D. Optimization Strategy

LoPhy employs a sequential tree-building algorithm combined with stochastic search:

1. Initialization: Starts with a root node (germline/normal cells).
2. Sequential Growth: For each time point $s$, new SNVs detected for the first time are added to the tree $T_{s-1}$ to form $T_s$.
3. Stochastic Search: The algorithm performs $\eta$ epochs of stochastic search to refine the tree. Moves include:
   • Relocating an SNV.
   • Adding or removing a CNA.
   • Constraint: New mutations are restricted to descendant clones, and clones from previous time points ($T_{s-1}$) remain fixed.
4. Parameter Estimation: An Expectation-Maximization (EM) algorithm is used to jointly estimate clone assignment priors and global dropout rates.
5. Objective: Maximizes a factorized posterior that includes a penalty term for the number of clones and CNA events to prevent overfitting.

3. Key Contributions

• First Longitudinal Joint Inference: LoPhy is the first method to reconstruct phylogenies capturing the joint evolution of SNVs and CNAs specifically from longitudinal single-cell data.
• Novel Objective Function: Introduces a factorized tree reconstruction objective that enforces temporal constraints while modeling sample-specific technical variations (coverage and dropout).
• Robust Handling of Noise: Explicitly models allele-specific dropout and overdispersion, which are major confounders in single-cell amplicon data.
• Open Source: The source code is publicly available, facilitating reproducibility and further development.

4. Results

A. Simulation Studies

LoPhy was benchmarked against COMPASS (SNV+CNA, no longitudinal), SCITE (SNV only, no longitudinal), and LACE (SNV only, longitudinal) on 40 simulated datasets.

• Accuracy: LoPhy achieved the best performance across all metrics, including Mutant Copy Number Mean Absolute Error (MCN-MAE), Total Copy Number MAE (TCN-MAE), and Tree F1 Score.
• False Emergence Rate (FER): LoPhy achieved a near-perfect FER (0.0), whereas COMPASS frequently inferred mutations to appear earlier than they actually did (high FER) because it ignored temporal constraints.
• Speed: LoPhy was significantly faster than COMPASS (approx. 9.5 minutes vs. 1 hour 40 minutes for 5 time points).
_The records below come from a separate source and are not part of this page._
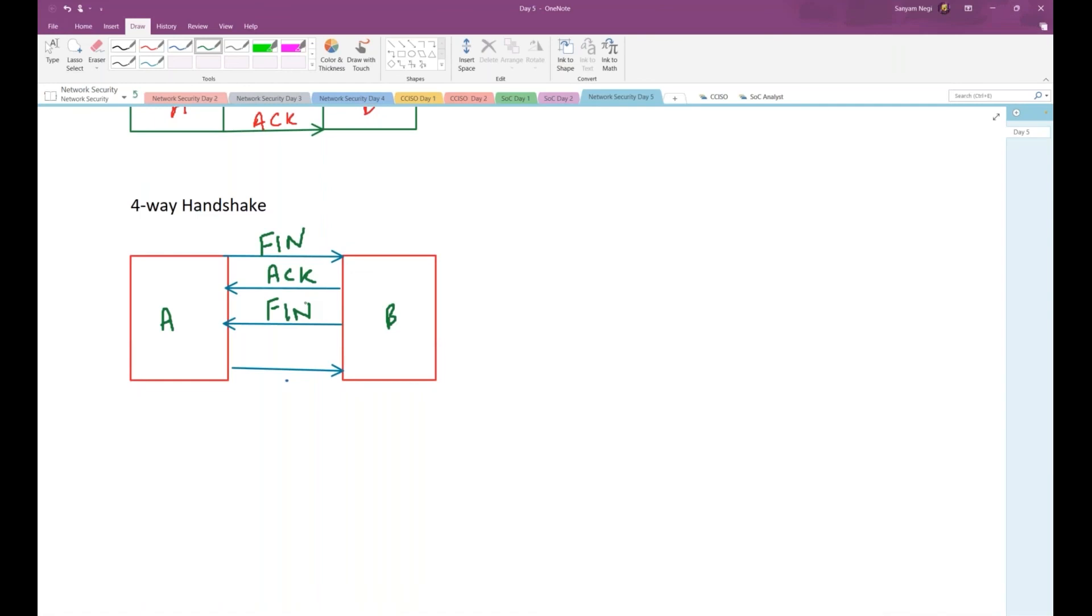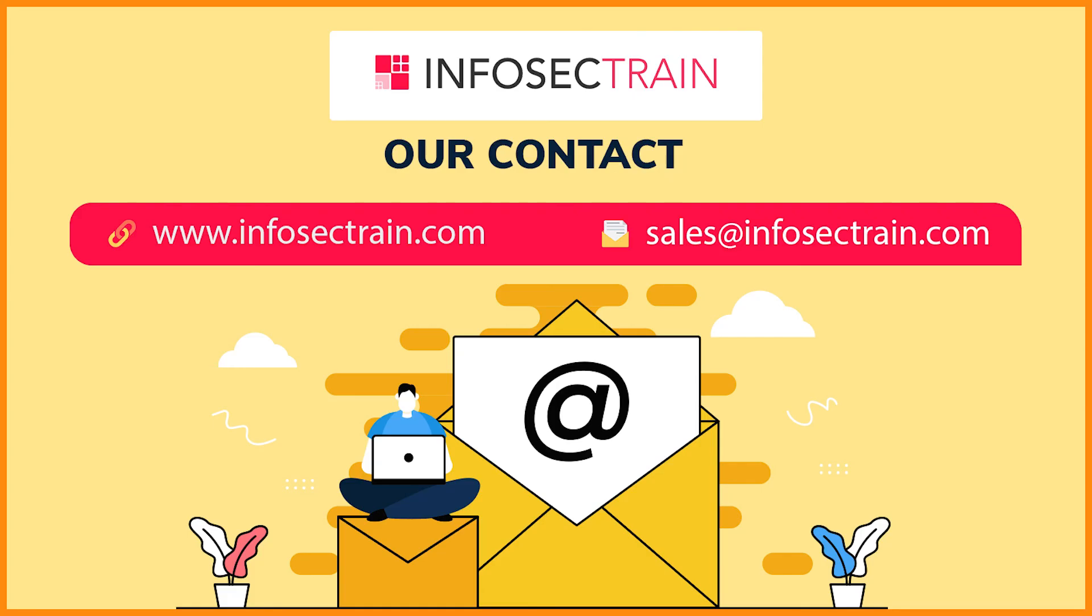B will be sending FIN to A, and now A will be replying back with which flag? Acknowledgement. So A will be sending acknowledgement in return and the connection is closed.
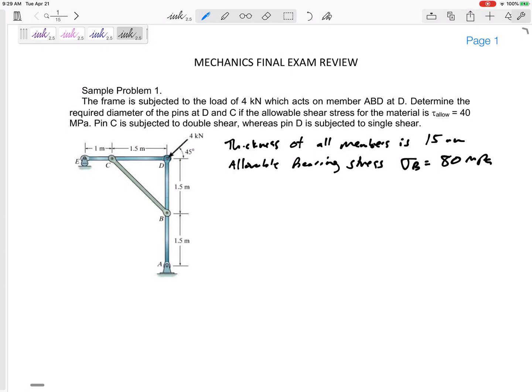But for all these problems we've got to remember the statics, so that we can find what force is at pin D and what is happening at pin C. Let's do statics — and this is a tough statics one.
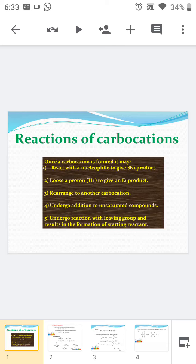Good evening everybody. Today we will discuss the reactions of the carbocation. We know that carbocations are reactive intermediates formed during chemical reactions, and once the carbocation is formed, it may undergo different types of reactions to form the final product.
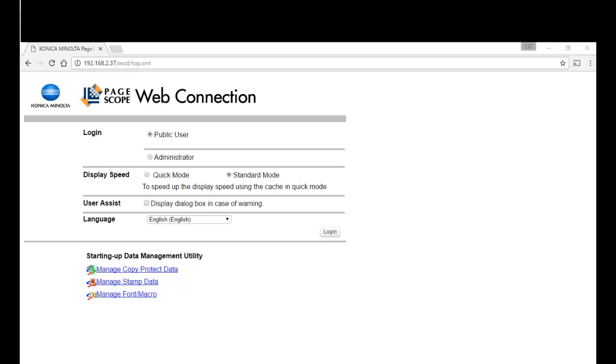Hey guys, it's Leif here from ATEC. Today I'm going to show you how to configure the Konica Minolta Bizhub device so you can access it remotely using the web panel or the remote panel.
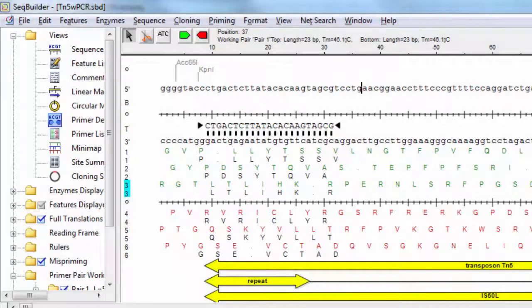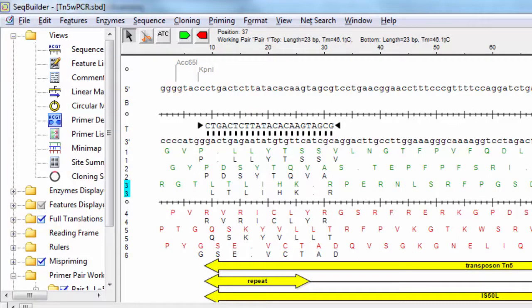The software also includes automated primer design tools for PCR, sequencing, and hybridization experiments.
B. Real-World Application (AML Cohorts)

LoPhy was applied to 19 Acute Myeloid Leukemia (AML) cases (15 from a diverse treatment cohort and 4 TP53-mutated cases pre/post-venetoclax).

• Biological Consistency: The inferred trees were consistent with clinical observations and orthogonal bulk sequencing data (e.g., ASCAT, CNVkit).
• Dominance of CNAs: The analysis revealed that clones dominating after therapy or at relapse are frequently defined by both SNVs and large-scale CNAs.
• Case Study (AML-99): LoPhy correctly identified two independent CNLOH events in the RUNX1 region (one early, one at relapse) and tracked the expansion/contraction of specific subclones in response to therapy.
• Comparison with COMPASS: In cases like AML-01 and AML-83, COMPASS produced biologically implausible trees (e.g., inferring mutations present at diagnosis that were not detected, or missing CNA gains due to unmodeled coverage shifts). LoPhy correctly reconstructed the temporal ordering and CNA events by leveraging longitudinal constraints.

5. Significance

• Clinical Insight: The study demonstrates that therapeutic resistance and disease progression in AML are often driven by the interplay of SNVs and CNAs. Ignoring CNAs or treating time points independently leads to an incomplete or inaccurate picture of clonal evolution.
• Methodological Advance: LoPhy sets a new standard for analyzing longitudinal single-cell data by integrating temporal structure with complex noise models, enabling researchers to track the "continuous joint history" of genomic alterations.
• Future Directions: The framework provides a foundation for extending longitudinal phylogenetic inference to whole-genome sequencing and more complex copy number models (e.g., homozygous loss).

In summary, LoPhy bridges the gap between high-resolution single-cell sequencing and longitudinal clinical data, providing a robust tool to decode the evolutionary trajectories of cancer under therapeutic pressure.